Insultos y defensa de la democracia
Por Fernando Balcells
Por Fernando Balcells
Cuando uno escribe se hace el propósito de mantener cierta compostura. Se navega apegado a la orilla antagónica, explorando flancos débiles pero también exponiéndose a una flecha. No son muchos los que juegan este juego. La mayoría prefiere hablar sólo a sus correligionarios. El contradictor se convierte en una abstracción privada de respuesta y esquematizada hasta el máximo ahorro de tiempo.
Entre estos impacientes, hay algunos que preparan desenfadadamente la posibilidad de prescindir de la democracia. Se anuncia su carácter fallido, incapaz de proveer los bienes que promete.
Soy de los que se ponen nerviosos cuando se confunde la crítica política y económica con el llamado a terminar con la democracia. Incluso su condicionamiento me activa una memoria corporal de heridas y pérdidas que me parece imperdonable descuidar.
Hay discusiones a las que solo se puede entrar después de mostrar los dientes.

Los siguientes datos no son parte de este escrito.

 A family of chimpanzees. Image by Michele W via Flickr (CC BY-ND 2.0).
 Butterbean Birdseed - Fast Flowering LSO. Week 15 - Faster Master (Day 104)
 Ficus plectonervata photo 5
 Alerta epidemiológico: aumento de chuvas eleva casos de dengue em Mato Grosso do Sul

No hay calificación moral ni insulto justo en el lenguaje para el que amenaza dejarnos sin palabras y clausurar el pobre sistema de justicia que tenemos.
“Imbéciles” no se les puede decir, porque estarían más allá de la conciencia y de la responsabilidad. “Desgraciados” es otra posibilidad menor en que la constatación de un infortunio despoja de fuerza al adjetivo que queda en un simple “tal por cual”. Denunciarlos por ignorancia no afecta más que al carácter cognitivo de la falta. La tontera se ha ablandado y la madre ya no provoca sino que descalifica al que la profiere. Los insultos políticos perdieron su eficacia en dictadura. Ni extremista ni fascista tienen hoy una carga de elocuencia suficiente.

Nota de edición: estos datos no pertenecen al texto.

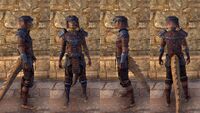 ON-item-armor-Argonian Heavy 2 Male.jpg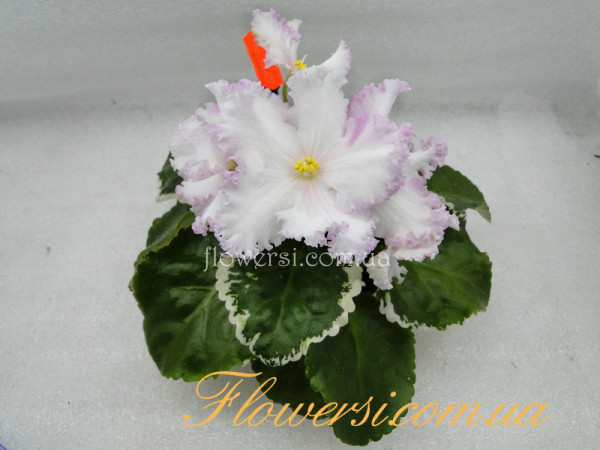 Фиалка ЛЕ-Анфиса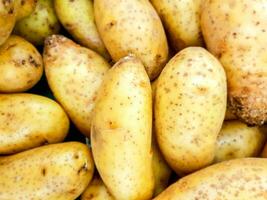 Closeup and top view heap of fresh potatoes for sale in the market fit to screen background and wallpaper. photo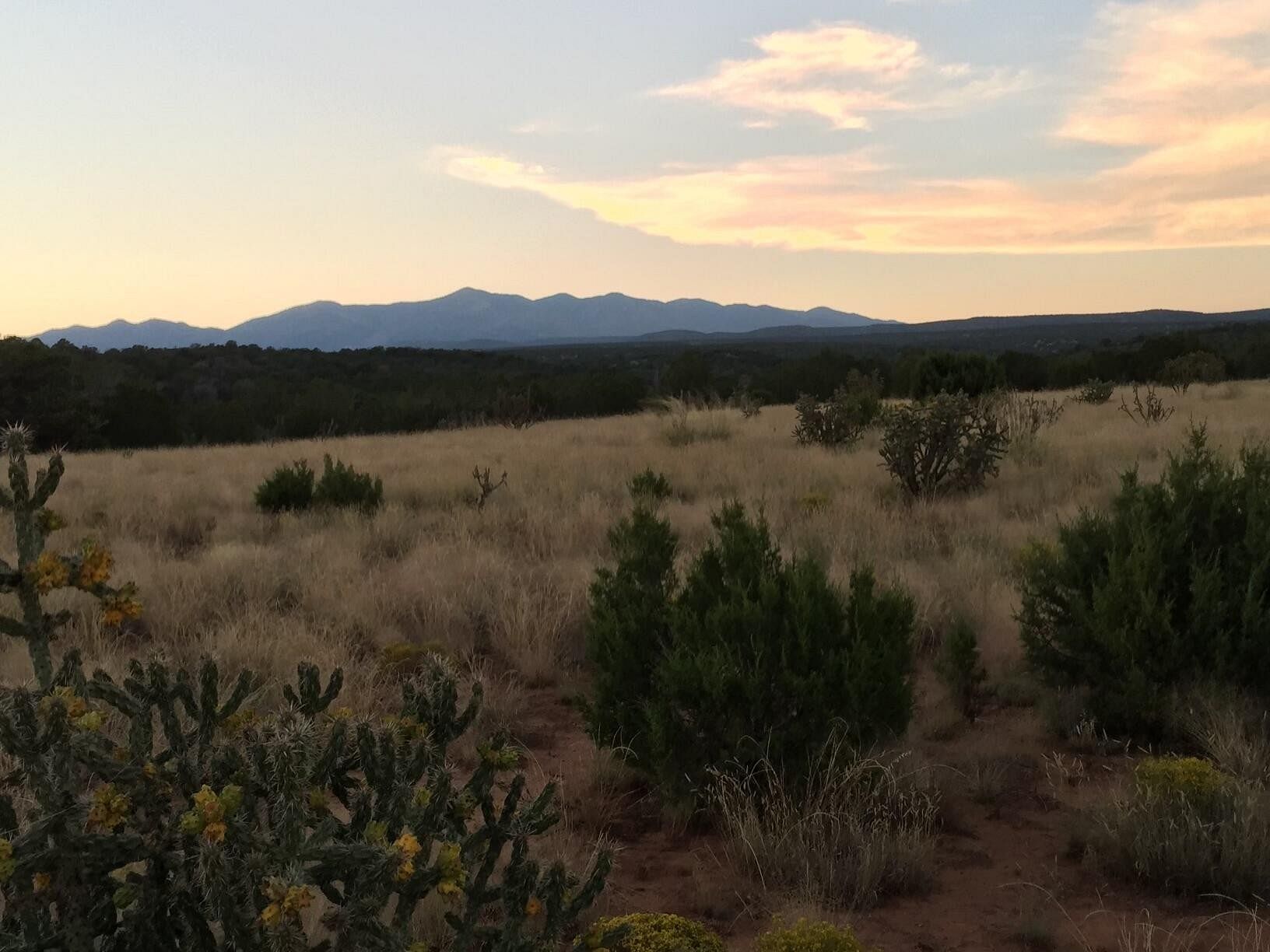 143 Acres of Land Mountainair, New Mexico, NM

La literatura ha distinguido entre la figura benéfica del idiota, el simple de espíritu, y el estúpido. El estúpido es el mezquino, el estrecho de miras y la mala fe del tramposo, el cobarde jactancioso.
Estúpidos son los que fingen no entender que la igualdad es el fundamento del principio mayoritario. La democracia no es sólo el gobierno de la mayoría, sino de la mayoría entre los iguales. Su legitimidad no está en la eficiencia ni en la elegancia ni el número, sino en la dignidad de la igualdad. En democracia todos tenemos la misma capacidad y por eso las descalificaciones, lo asumo, son inevitablemente reflejas.